◆ Work task:
The material below should be copied line for line, please, with pictures omitted.

◆ Data extract:
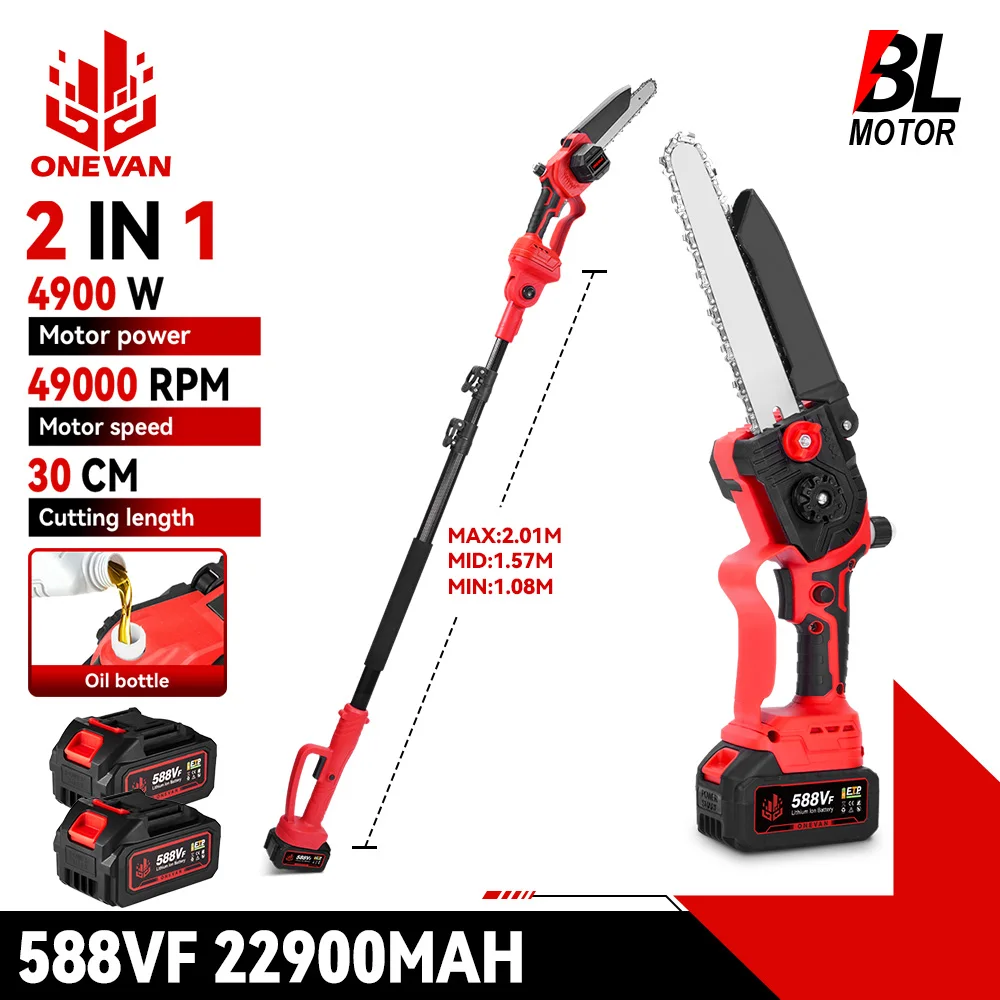 ONEVAN Brushless Electric Telescoping Pole Saw 2IN1 High Branch Chainsaw Garden Woodworking Pruner For Makita 18V Battery Pin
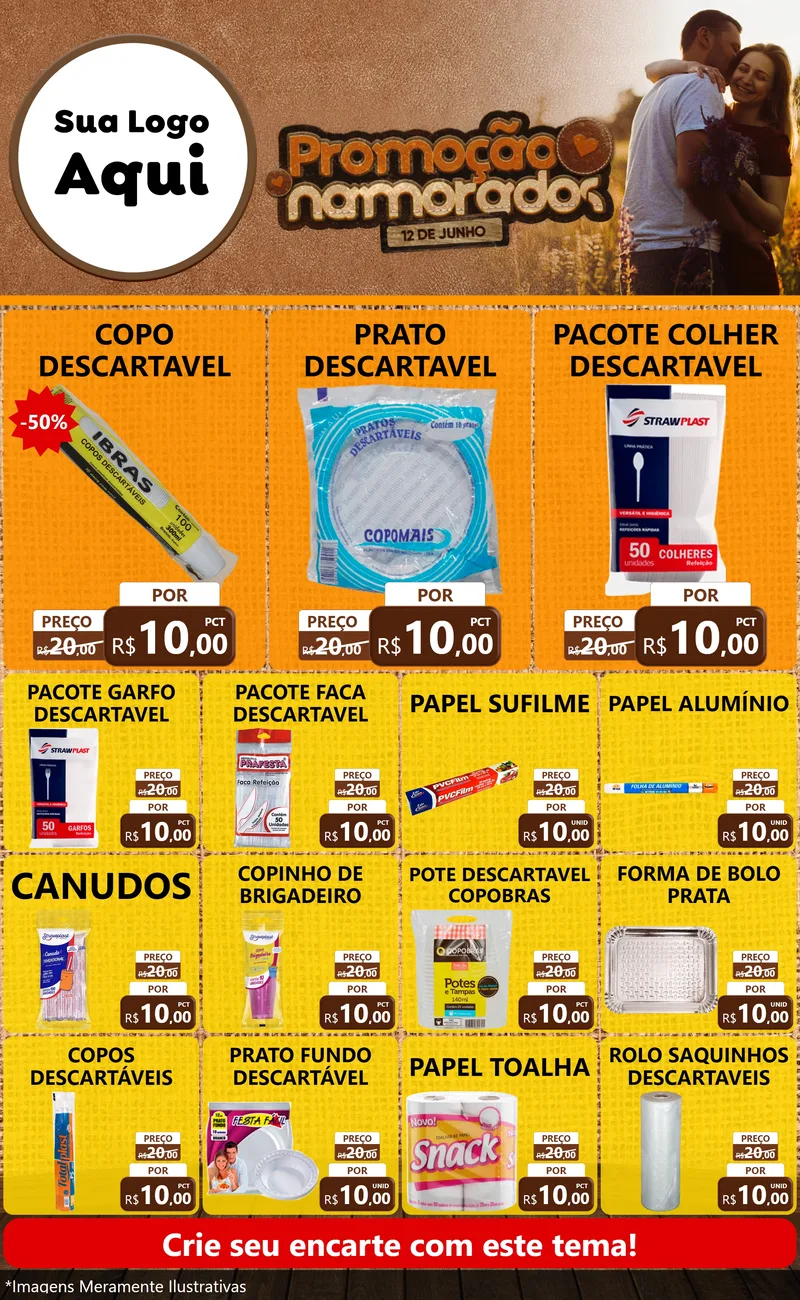 Modelo de Encarte para Encarte Grande com o tema Promoção Namorados para Embalagens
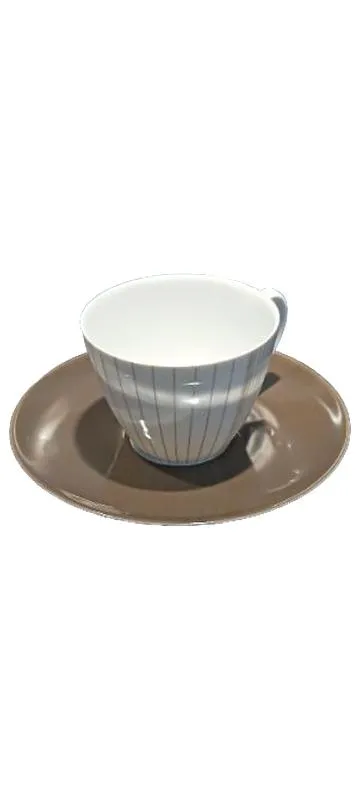 Thomas Germany Kaffeetasse mit Untertasse Porzellan Braun Gestreift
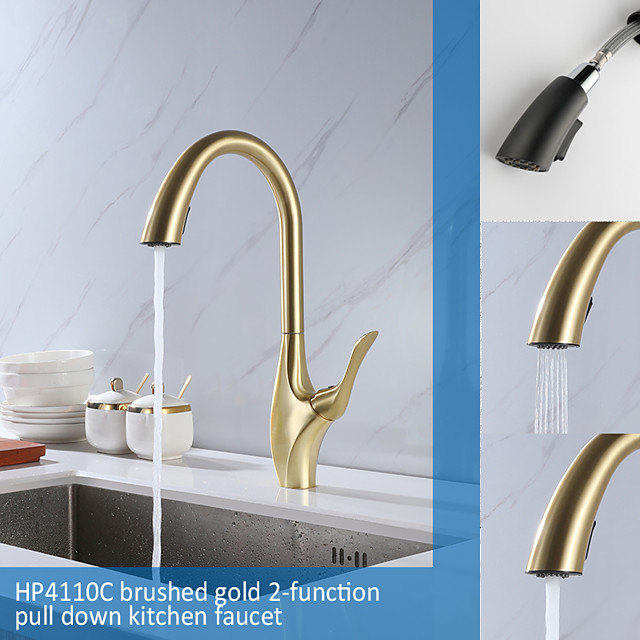 Grifería de Cocina - Sola manija Un agujero Cromo / Níquel Cepillado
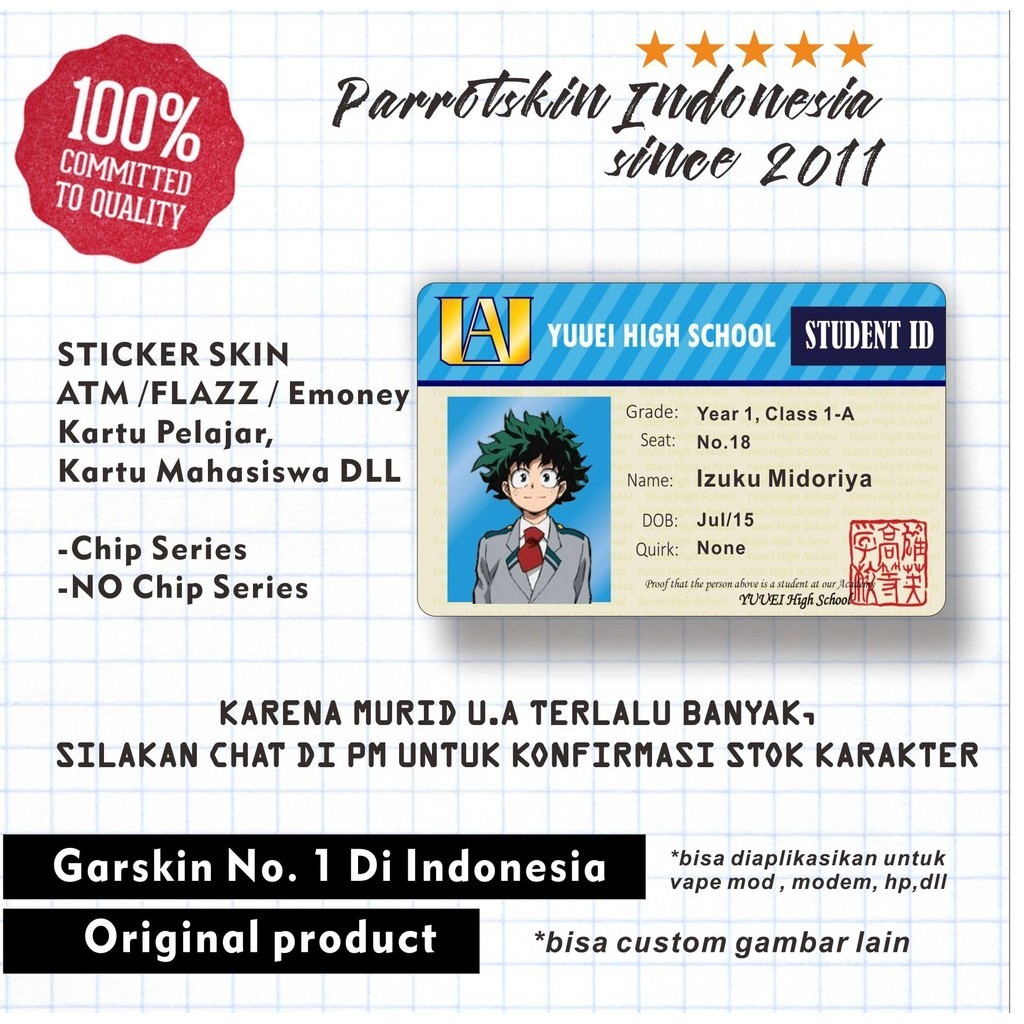 

Sticker Skin Card ATM Debit Credit Emoney Flazz My Hero Academia ID Evvarisk Garskin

◆ Answer to the problem:
 ONEVAN Brushless Electric Telescoping Pole Saw 2IN1 High Branch Chainsaw Garden Woodworking Pruner For Makita 18V Battery Pin
 Modelo de Encarte para Encarte Grande com o tema Promoção Namorados para Embalagens
 Thomas Germany Kaffeetasse mit Untertasse Porzellan Braun Gestreift
 Grifería de Cocina - Sola manija Un agujero Cromo / Níquel Cepillado

Sticker Skin Card ATM Debit Credit Emoney Flazz My Hero Academia ID Evvarisk Garskin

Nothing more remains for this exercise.